Recorded information =>
---
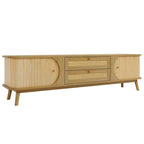 Mobile TV in Rattan Legno Naturale con Contenitore, Adatto per TV fino a 75", 3 Colori, Montaggio 1-2 Persone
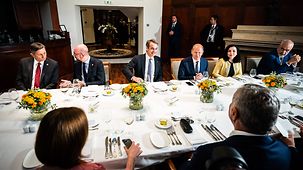 Federal Chancellor Olaf Scholz at the dinner for members of the South-East European Cooperation Process.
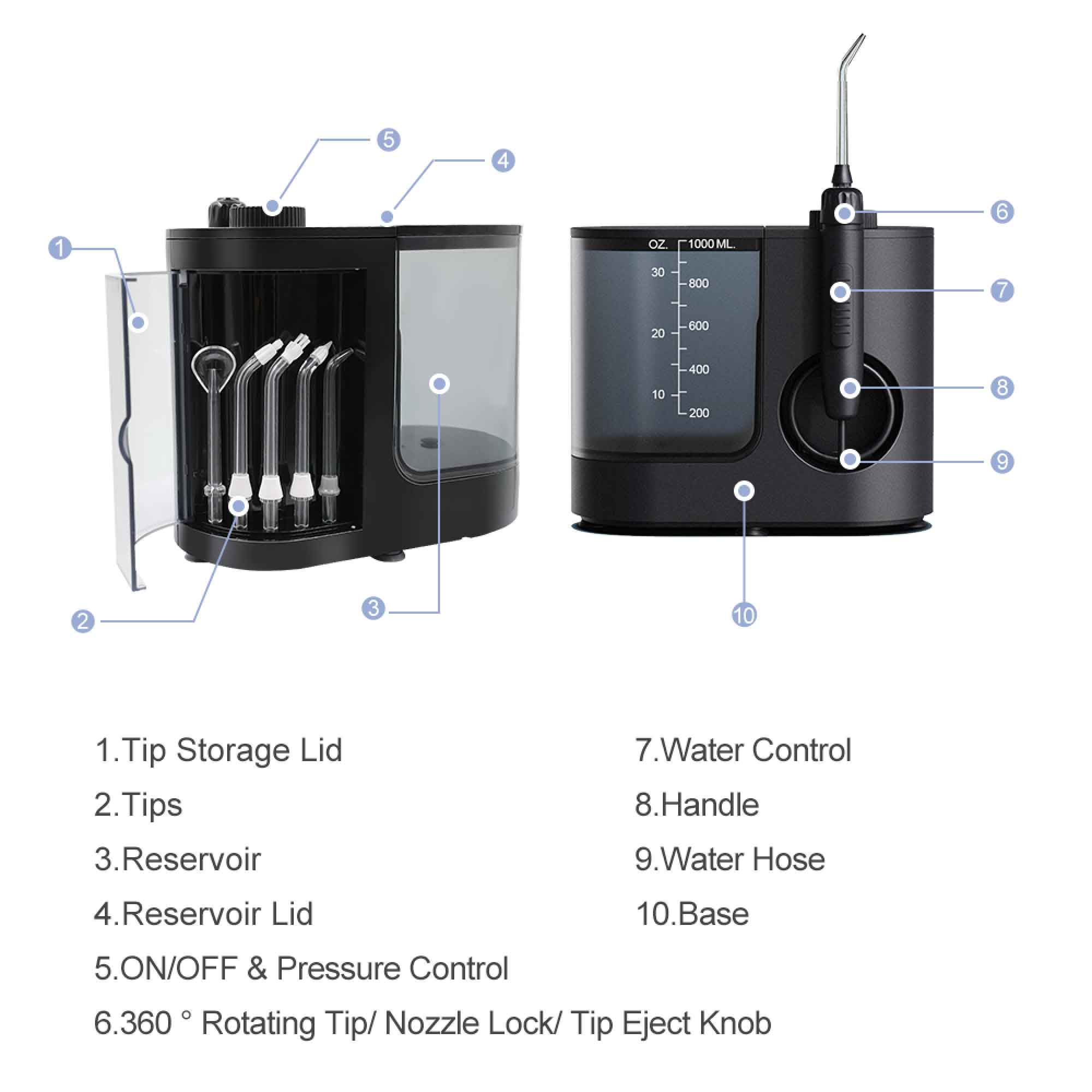 Water Jet Dental Flosser 1000ml Black - Electric Oral Pressure Irrigator-5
---
Task => Once the images are set aside, retype all of the material above exactly.

Exercise result =>
 Mobile TV in Rattan Legno Naturale con Contenitore, Adatto per TV fino a 75", 3 Colori, Montaggio 1-2 Persone
 Federal Chancellor Olaf Scholz at the dinner for members of the South-East European Cooperation Process.
 Water Jet Dental Flosser 1000ml Black - Electric Oral Pressure Irrigator-5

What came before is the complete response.